Peut-être que la santé publique est à ce prix, mais le prix à payer, « quoi qu’il en coûte », est incommensurable : Une irrémédiable est irréversible déperdition de la qualité relationnelle, et du lien de confiance sous-tendant notre rapport aux autres. Désormais, la méfiance sied, la suspicion prévaut.

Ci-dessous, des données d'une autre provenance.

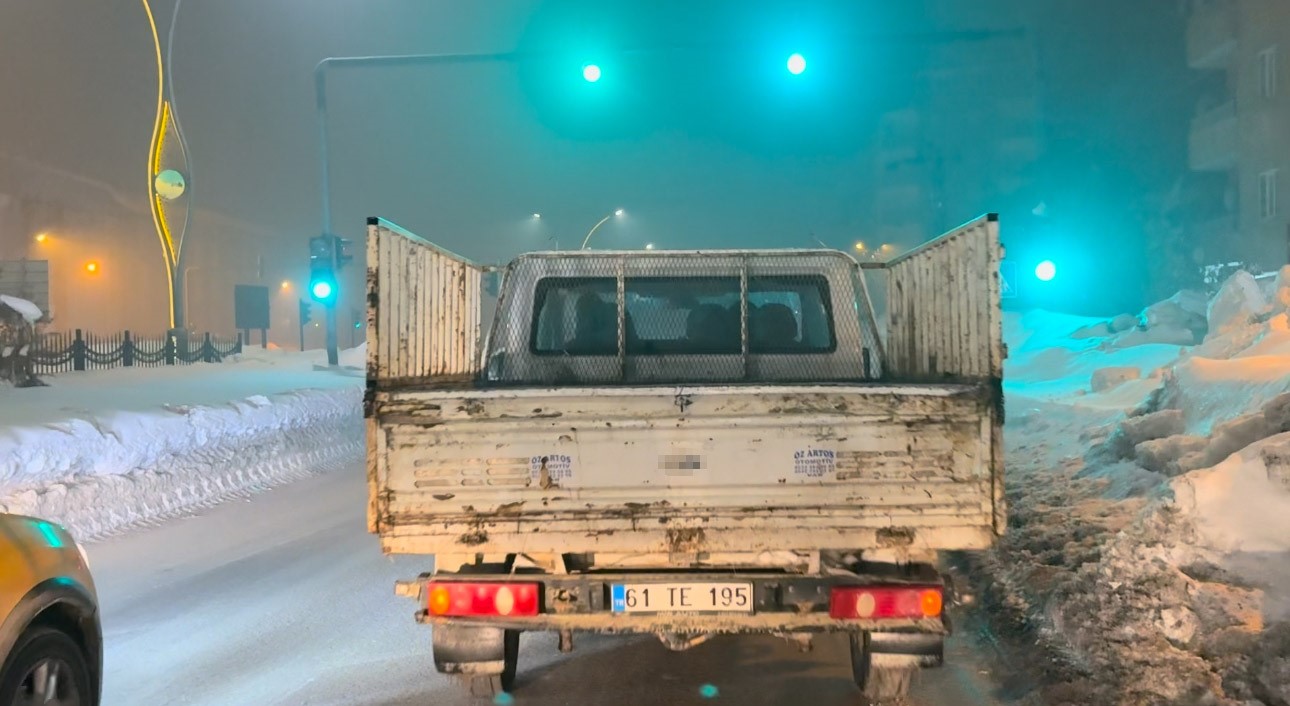 Hava sıcaklığı -25’lere düştü, araçlar arıza vermeye başladı
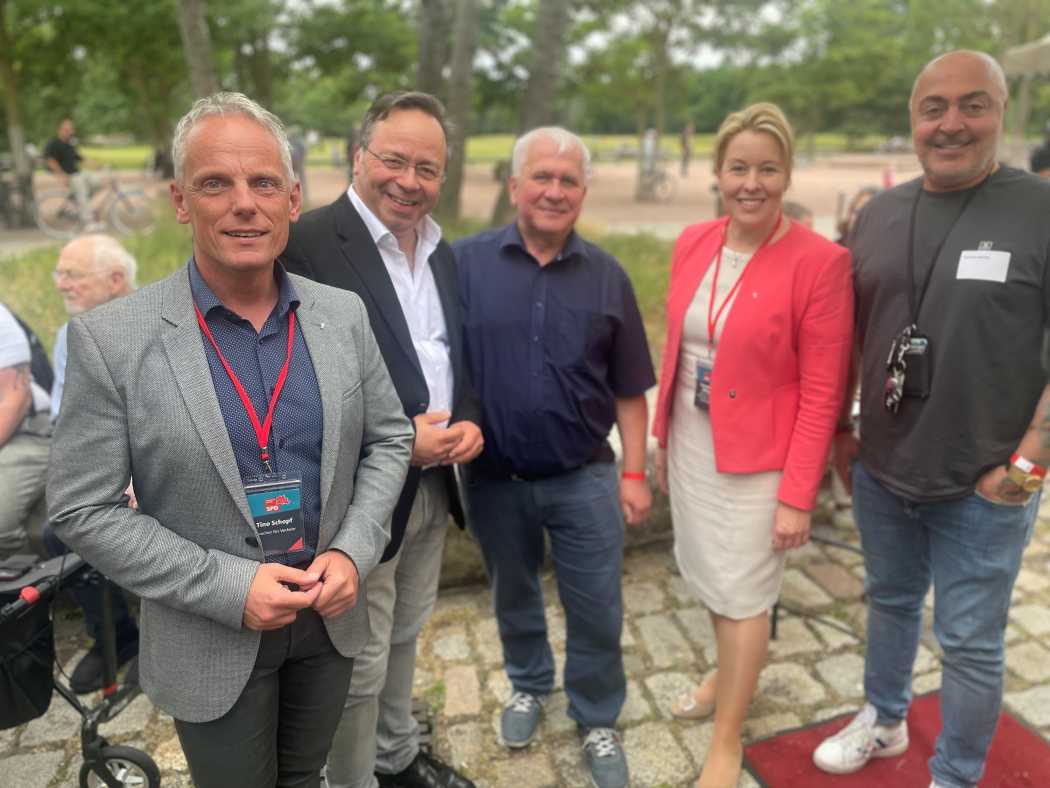 Tino Schopf, Patrick Meinhardt, Leszek Nadolski, Franziska Giffey and Güven Aktas at the SPD parliamentary group's summer party at Park Café at the Technology Museum Berlin. | Photo: Patrick Meinhardt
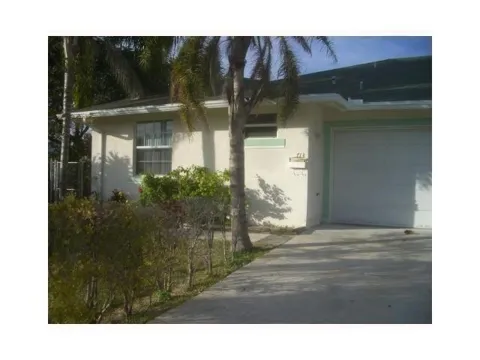 713 NE 4th Street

Un pas de côté philosophique pour terminer : dans une parabole célèbre, Arthur Schopenhauer narrait le dilemme de ces porcs-épics, qui par une froide journée d’hiver, n’arrivaient pas à trouver la bonne distance permettant de se tenir chaud sans se blesser. Trop près les uns des autres et leurs piquants imbriqués les meurtrissaient cruellement ; trop éloignés, et c’est la morsure du froid qui les faisait souffrir. Alors patiemment s’étalonner, par des ajustements successifs, afin que doucement, ils puissent trouver la bonne distance pour éprouver le bien-être sans blesser personne, tous unis dans la chaleur du social.
Désormais nous avons droit, lors de nos face-à-face, au casque et au masque. Le casque protège des coups et des accidents, métaphoriquement, il isole aussi. Quant au masque, il dissimule, met l’identité en suspens, ou en retrait. Tout cela « co-vide » le social de sa saveur. Oui, un grand hiver relationnel se profile.